▶ _Records supplied_
+ + + +
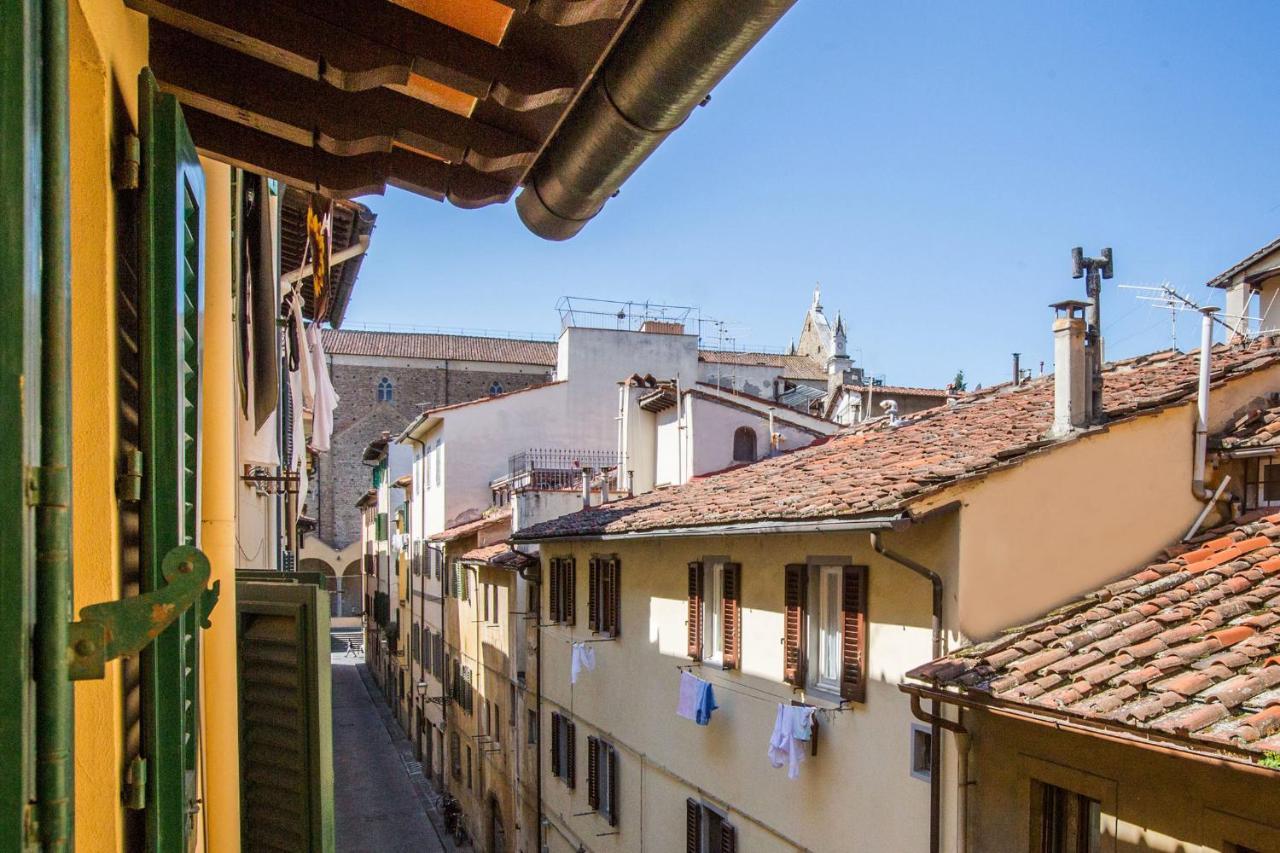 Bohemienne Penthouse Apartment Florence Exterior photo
+ + + +
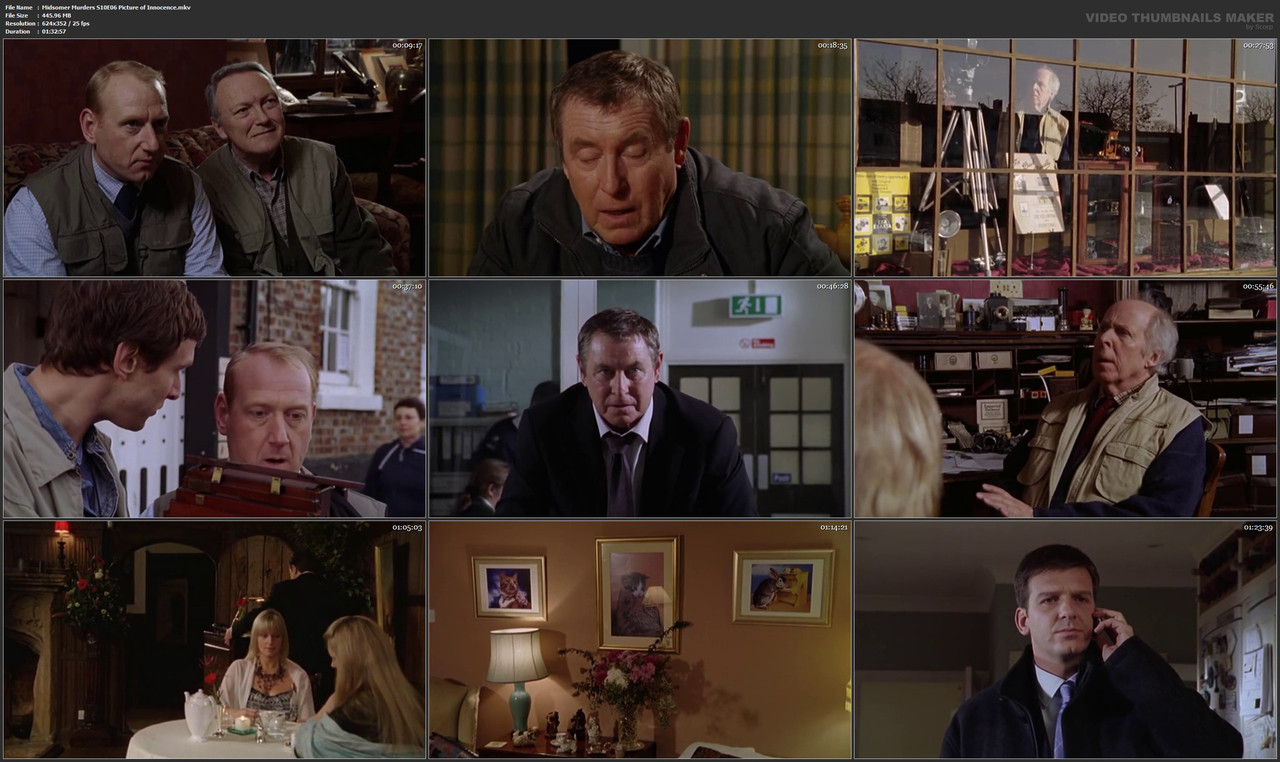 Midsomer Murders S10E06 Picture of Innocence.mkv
+ + + +
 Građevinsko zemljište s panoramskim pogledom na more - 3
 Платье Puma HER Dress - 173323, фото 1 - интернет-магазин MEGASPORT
+ + + +
▶ _Problem requirements_
The required output is every line above from the one with "Građevinsko zemljište s" down to the one with "Платье Puma HER", restated word for word, ends included.

▶ _Response for this exercise_
 Građevinsko zemljište s panoramskim pogledom na more - 3
 Платье Puma HER Dress - 173323, фото 1 - интернет-магазин MEGASPORT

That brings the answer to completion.